▸ **WHAT THIS TASK INVOLVES**
Each line that contains "will" needs to be copied from the listing.

▸ **EXCERPTED DATA**
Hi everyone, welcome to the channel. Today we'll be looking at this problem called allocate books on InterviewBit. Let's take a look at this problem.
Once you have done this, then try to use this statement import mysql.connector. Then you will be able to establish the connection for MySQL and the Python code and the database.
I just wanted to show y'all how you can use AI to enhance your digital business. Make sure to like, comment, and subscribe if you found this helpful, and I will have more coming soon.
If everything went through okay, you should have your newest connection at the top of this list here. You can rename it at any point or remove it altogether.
...
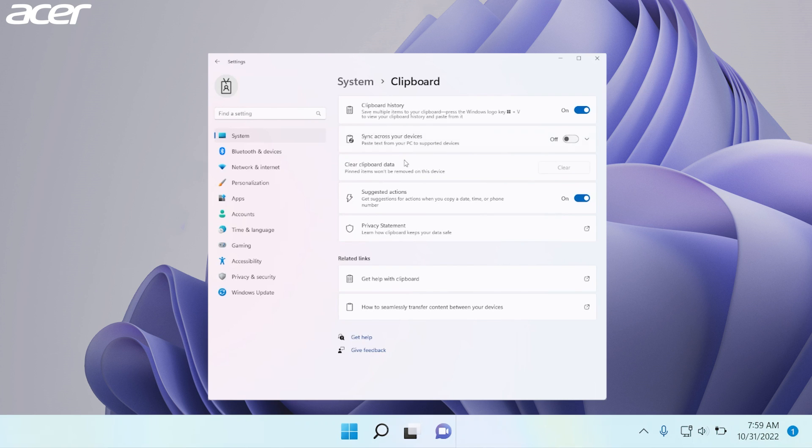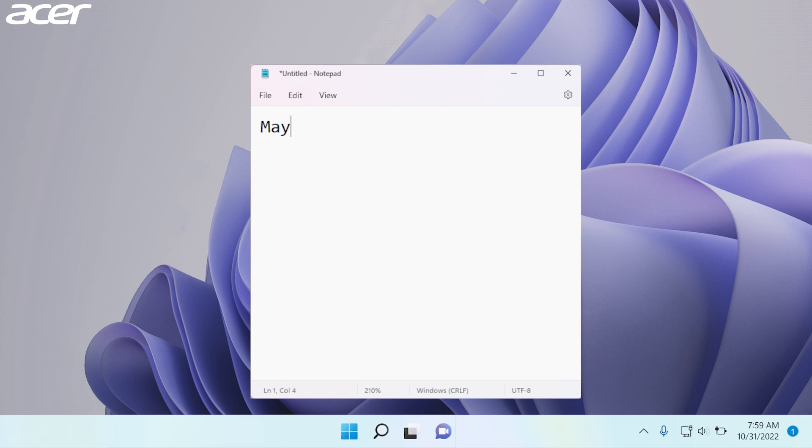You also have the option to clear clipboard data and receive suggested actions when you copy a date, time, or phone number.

▸ **SOLUTION TO THIS PROBLEM**
Once you have done this, then try to use this statement import mysql.connector. Then you will be able to establish the connection for MySQL and the Python code and the database.
I just wanted to show y'all how you can use AI to enhance your digital business. Make sure to like, comment, and subscribe if you found this helpful, and I will have more coming soon.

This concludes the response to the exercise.